The boots you have sound aweful. Mine arnt too bad to run in.
Oh, they were quite good and comfortable. Actually, a good boot is at least as comfortable as a quality mule, if not better. There are 5 points I look for in a boot:
1, Non-slipping treads. These are the most important point, as your $60+ footwear will not be able to do it's job if you can not walk securely in it. I usually look for boots that are good for the climate/terrain I will use them.
2, It needs to hold my ankles and heels and needs to support my ankles properly. Wearing a boot on the field is not about grip (sport shoes can do that too), but for your protection. It needs to properly hold your ankles, so that you won't end up in the emergency room after a wrong step.
3, Watertight material. I hate it when my foot is soaked, so I always get footwear that will keep my feet dry even if I tread in mud above my ankles.
4, All natural materials, or really high-tech materials. I have used two layer cow leather boots in the summer (they came in black) and they weren't hotter than a pair of sports shoes in 30-38 degrees (86-100 Fahrenheit). I have also played in full black in 38+ degrees. It is not about the color or the materials, but the quality.
5, I want to be able to feel everything in my boots, just like in a pair of mules. For this reason I buy boots that let me feel even small cracks in the pavement as I walk in them. There is no meaning in wearing boots, if you can not be stealthy in them.
+1: No steel plates if possible. I have seen awful accidents, when some cheapo steel toed boots were the culprit.
FYI I would like to mention some points that are AGINST normal steel toed boots:
- Steel toed boots usually have a steel plate above your toes, and it's relatively thin (1.2 mm or 1/20" usually). If something heavy is to press it (fall down on it, or roll through it) they would give way (as nothing supports it in the middle) and bend downwards. For this reason, if a heavy car goes over your feet there is a chance of you loosing your toes. And if it's out on the field there is also a chance of you losing your life due to blood loss. On the other hand armored boots do not have any kind of armor plate above your toes, and the armor plates are interlinked, so all weight and impact shock is shared among them. For this reason the worst thing that could happen would be to break your toes.

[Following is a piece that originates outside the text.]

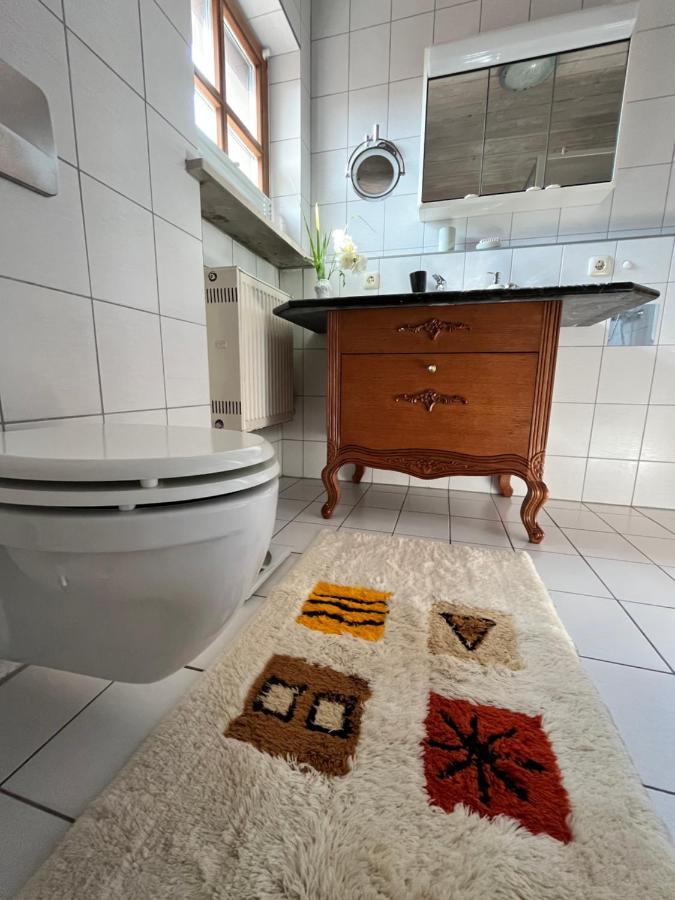 Eching  Zimmer Zum Wohlfuehlen מראה חיצוני תמונה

-Steel toed boots usually have two thin layers of leather around the steel toe, and one layer everywhere else. This is to keep the weight low. Armored boots have two thick layers of leather all around, as the leather acts like a cushion, lessening any impact. This means, that a steel toed boot will get cold really fast in the winter. Small frostbites are not uncommon after a few hours of treading in the snow. On the other hand, the thick leather of the armored boots will act as an insulation, so treading in the snow for half a day is usually not a problem. Also keep in mind, that steel in the treads (steel spikes, or steel reinforcement) is very bad in the winter, as the spikes will freeze in less than 20 minutes, and from then your fancy boot will act like a refrigerator effectively freezing your feet...

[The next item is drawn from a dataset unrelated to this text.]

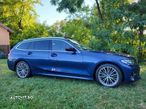BMW Seria 3 320d Touring xDrive Aut. Luxury Line - 3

For the weight issue: Normally, if the boot fits your leg like a glove you won't be able to feel the weight of it. Running FAST is a problem in heavy boots, but running slow is easy, as the boots will travel by their inertia. Therefore it is effective to run at nearly jogging speeds (like you see in war commentaries these days). At those speeds you need very little energy to keep running, possibly even less than what you would need with sports shoes in the same field. Sure it takes about a week to get used to a pair of heavy boots, but one you gotten used to it you won't understand why you even considered a sports shoe in the first place...
And with this and the previous posts I think we have successfully walked around every aspect of choosing a good boot.